From: Jean-Marc Bourguet <jm@bourguet.org>
Subject: Re: list strawman
Date: 12 Jan 2002 16:10:52 +0100
Date: 2002-01-13T10:15:55+01:00 [thread overview]
Message-ID: <7uir1a.s11.ln@192.168.0.2> (raw)
In-Reply-To: 3C3F1A0F.2000706@telepath.com
Ted Dennison <dennison@telepath.com> writes:
[...]
> That's right, each call to those routines is O(n). However, for a mergesort
> you don't do just one split or merge.
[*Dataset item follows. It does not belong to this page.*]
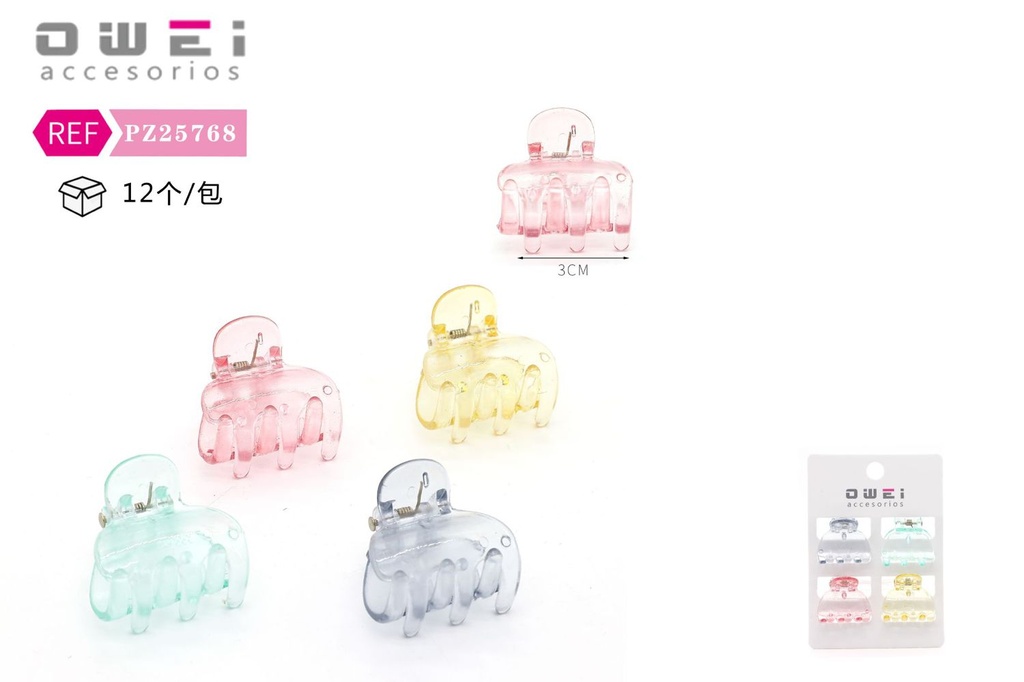 Pinza 3cm 4 piezas 12 unidades PZ25768 - Accesorios para el cabello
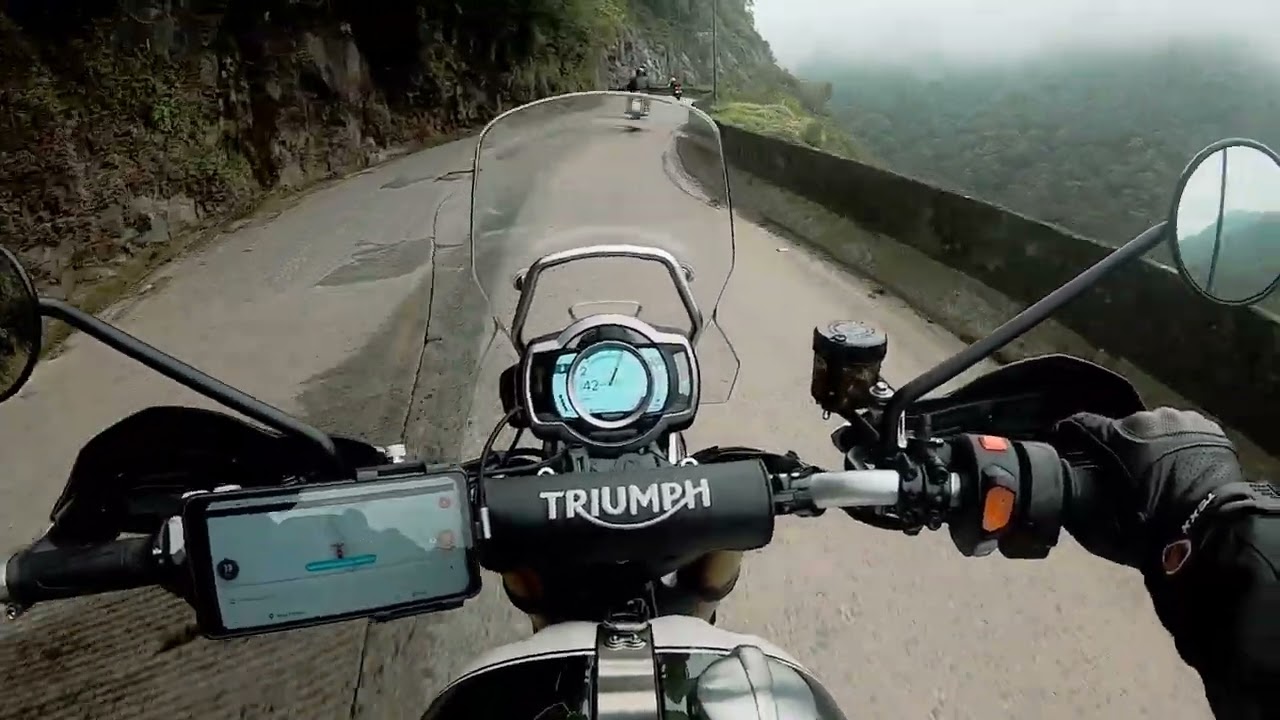Subida da Serra do Rio do Rastro 2022 Scrambler 1200 XE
At the top level you do 1, and the
> next level you do 2, at the next 4, and so on.
>
> It doesn't look like the algorithm you presented does this, but then it
> doesn't look like a sort either. It only calls split once, and then
> merge. Its actually a O(n) algorithm. Too bad it doesn't actually sort, or
> you'd be up for some kind of prize. :-)
A merge sort can be splitting once into several sorted lists and then
merging them. That's what I did.
What I presented is algorithm L in section 5.2.4 of The Art Of
Computer Programming (in the third volume) modified according exercise
12 of the same section. All the ideas are also presented in the
section 5.4 of the same book. I don't think I'll get a prize for
reading Knuth and his solutions to his exercises :-)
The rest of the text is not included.